Mungkin juga suatu hari kamu berada
di fase merasa kesepian, sendirian, rindu canda tawa bersama teman, ih itu sih
aku banget ahahaha. Apalagi rindu menjadi kecil lagi, jadi remaja lagi hahaha
itu sih hanya bagian dari proses menuju kedewasaaan saya pikir. Jadi nikmati
saja, ciptakan bahagimu sendiri. Sejak awal menikah jangan terlalu berharap
pada manusia termasuk suami, karena dia juga tak sempurna bahkan banyak sekali
kekurangannya. Niatkan menikah untuk mengharap ridha Allah, mencari
keberkahan-Nya, mencari surga-Nya. Jadi bagaimana pun keadaan suami (selama tak
menyimpang dari ajaran agama) kita terima dan syukuri.

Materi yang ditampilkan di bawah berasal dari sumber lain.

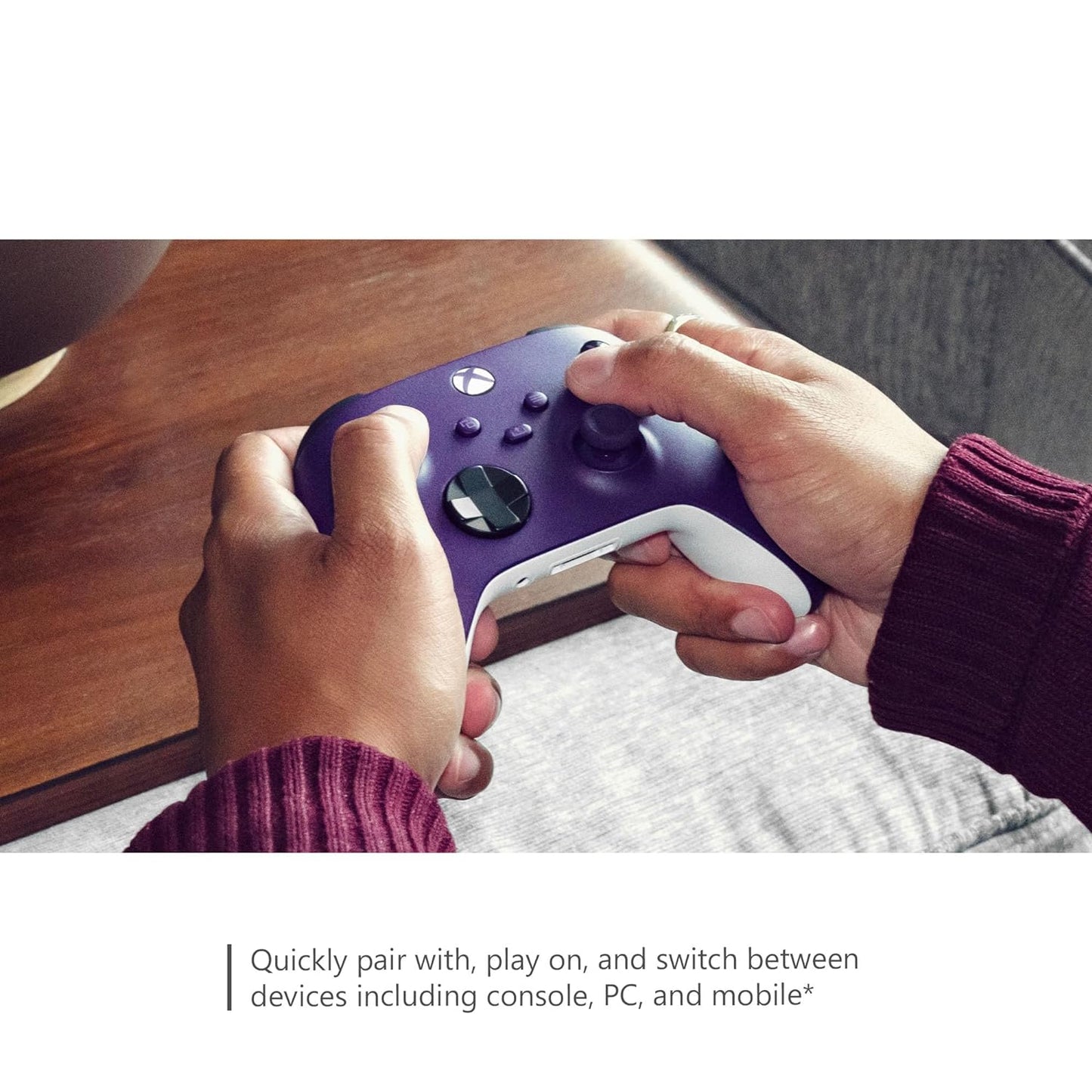 Core Wireless Gaming Controller – Astral Purple Series X|S, One, Windows PC, Android, and Ios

Jika sebal ke suami, karena menurut
kita dia tak bisa menjadi suami dan ayah yang baik, cobalah bersabar. Coba juga
kurangi untuk mencari tahu tentang suami ideal, membandingkan dengan suami
orang, itu akan membuat kita makin tersiksa. Jika bisa dikomunikasin, ya
dibicarakan, walau pun by wa misalnya karena komunikasi belum terjalin
dengan baik atau suami terlalu sibuk bekerja. Memang bagi yang bersuamikan
pekerja/karyawan swasta sudah menjadi rahasia umum kalau suami lebih sering di
kantor daripada di rumah. Pulang dalam keadaan capek jiwa raga, boro-boro bisa
bantuin istri mengurus anak, inginnya
istirahat. Maka disitulah sering terjadi perbedaan tujuan suami di rumah, istri
pas suami pulang senang karena ada yang mau bantuin. Suami pas pulang senang karena
waktunya istirahat. Hehe … Maka dari itu, pernikahan itu adalah tentang sabar
dan ikhlas, serta tawakal. Jangan lupa istri juga punya senjata sakti, doa.
Hikmah merantau sangat banyak
ternyata. Lebih struggle yang pasti dan banyak saudara baru. Lebih mau belajar
banyak hal dan mandiri tentunya.
Duh sebenarnya banyak hal yang mau
saya sampaikan. Banyak banget, bahkan sampai berharap bisa membuat komik rumah
tangga. Insya Allah. Doakan saya dan suami semoga tetap bisa menjadi partner
yang baik, yang saling menyayangi, saling mendukung, saling mendoakan, dan
lebih baik lagi secara pribadi dalam segala hal, aamiin.